Possible Scenario 1 : Prospective new investors bid up prices which in turn encourages recently "freed" shareholders to sell now resulting in share prices to go back down and hurting these new investors.(See recent sales by Moskovitz, is he trying to get ahead of the herd?)
Possible Scenario 2 : Stock market optimism lifts "all boats" and Facebook shareholders get a reprieve until the scheduled earnings release on October 23rd, 2012 and the second wave of "Float Bloat" arrives on October 29,th,2012. The combination of these two events is bound to create an interesting scenario for traders in this name. We believe that there will be downside in the share price which could resume at any time given the number of potential real sellers of the stock who have either been freed or about to be freed from their lock-up agreements.
Possible Scenario 3 : Shareholders see the coming increase in float and refrain from purchasing which results in share prices declining from here and further scaring newly "freed" shareholders and option holders into selling at any price to insure some profit from their equity stake.

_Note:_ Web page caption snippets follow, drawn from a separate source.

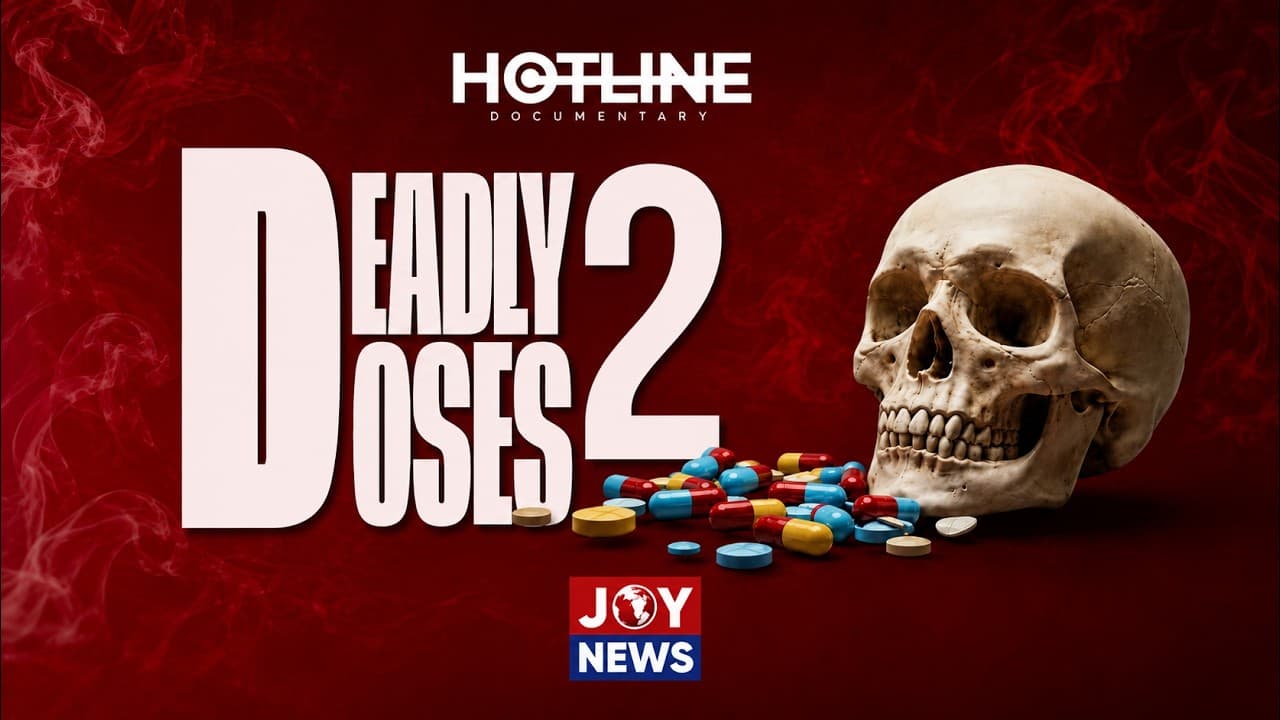 Deadly Doses II: Ghana’s drug problem has become a public health crisis, Criminologist says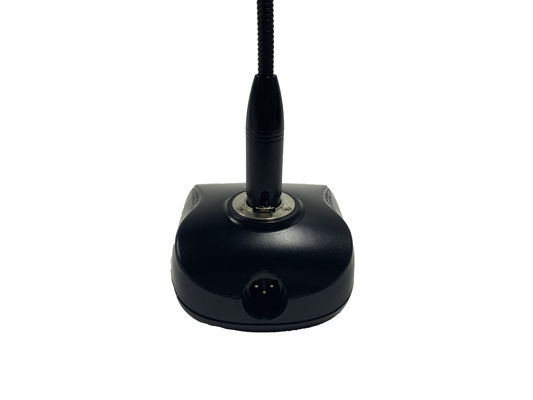 ABS Table 48V Phantom Power PA نظام ميكروفون لغرفة الاجتماعات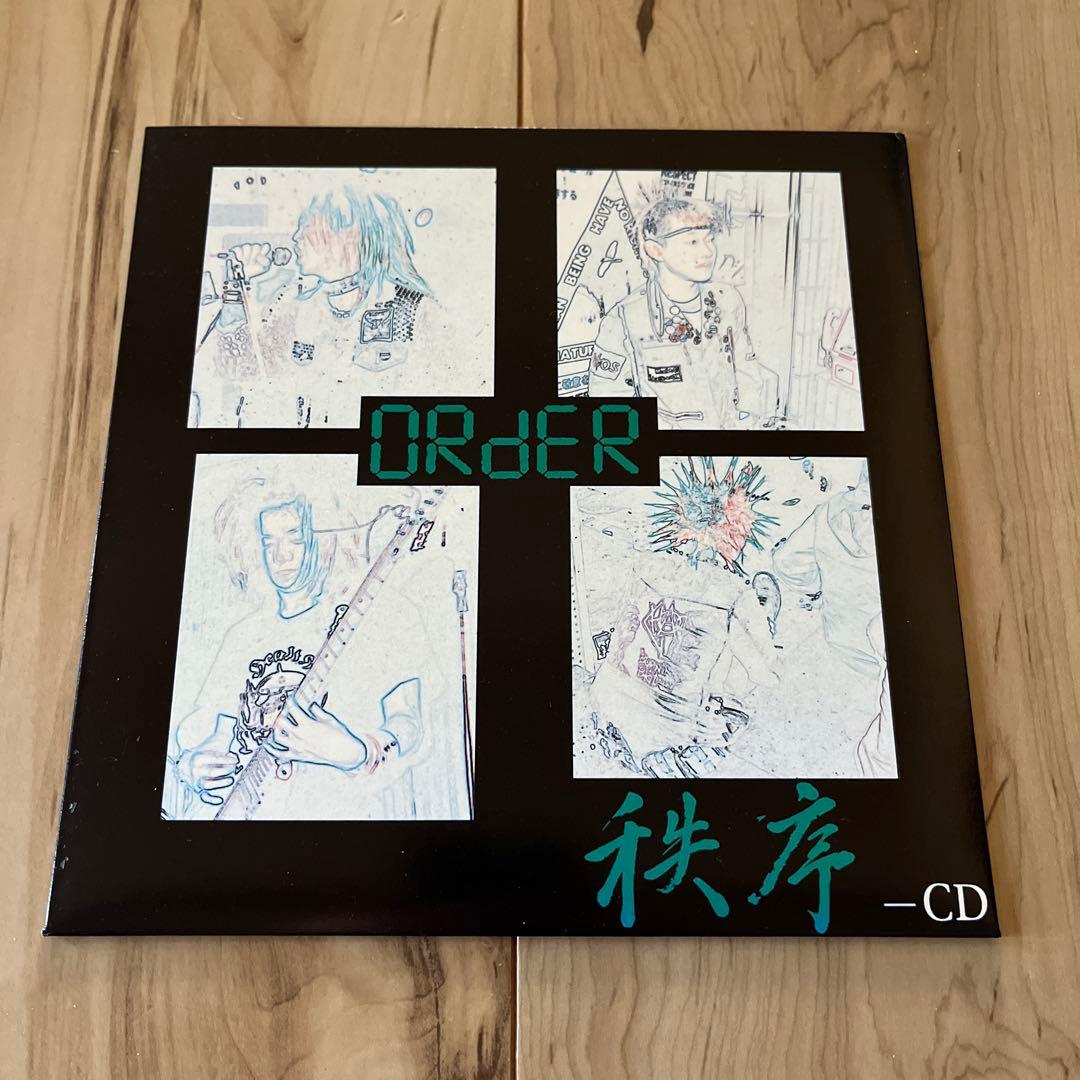 ORdER / 秩序 -CD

An important point that we like to make is that Nasdaq reported a drop in the short interest of FB shares by approximately 2.5 million shares as of 8/31/12. The short interest stands at 85,350,481 shares short as of 8/31/12. Therefore the drop in share price in late August came from real sales of shares and not an increase in short-seller positions. Insider selling is always a concern, regardless of the spin the seller puts on his reasons for the sale.
One does not have to go any further than Seeking Alpha to see the wide debate about the prospects for Facebook. The only thing we know for sure: 1.186 billion shares are being released in addition to the Facebook current float of 692 million shares. The 1.186 billion share increase is not including any of the 504 million Zuckerburg shares.
After a week of the hyping of QE3 by Ben "the Fed" Bernanke and a favorable ruling in Germany on the legality of the EU stimulus program, we think scenario 2 is underway and could ultimately lead to the next and possibly more painful down leg in FB shares regardless of their under or over performance as a company.